▶ [TASK INSTRUCTIONS]: Give exactly the lines from the one with "R36S Handheld Game Console" through the final line of the listing below, both included, leaving out any pictures.

▶ [GIVEN DATA]:
■ ■ ■ ■

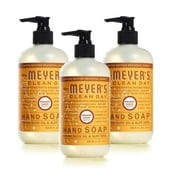 Mrs. Meyer's Clean Day Liquid Hand Soap - Orange Clove, 12.5 Ounce (Pack of 3)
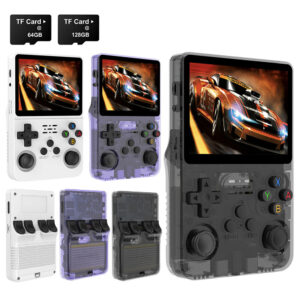 R36S Handheld Game Console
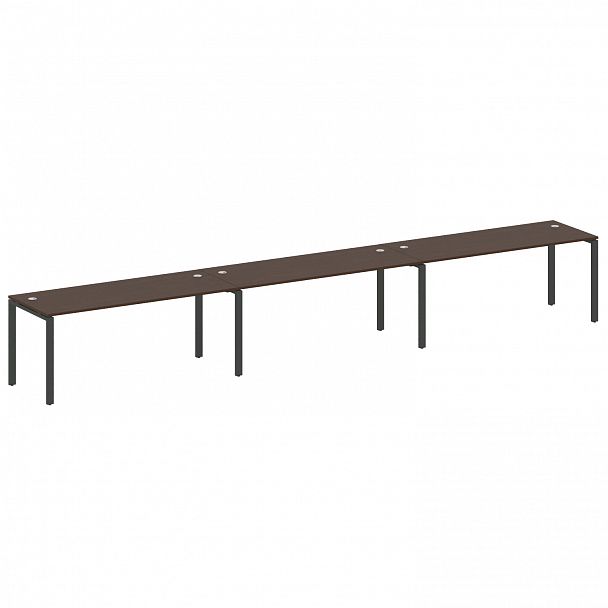 Рабочая станция "Metal System" БП.СМ-3.5 венге/антрацит - Вид 1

■ ■ ■ ■

▶ [TASK ANSWER]:
 R36S Handheld Game Console
 Рабочая станция "Metal System" БП.СМ-3.5 венге/антрацит - Вид 1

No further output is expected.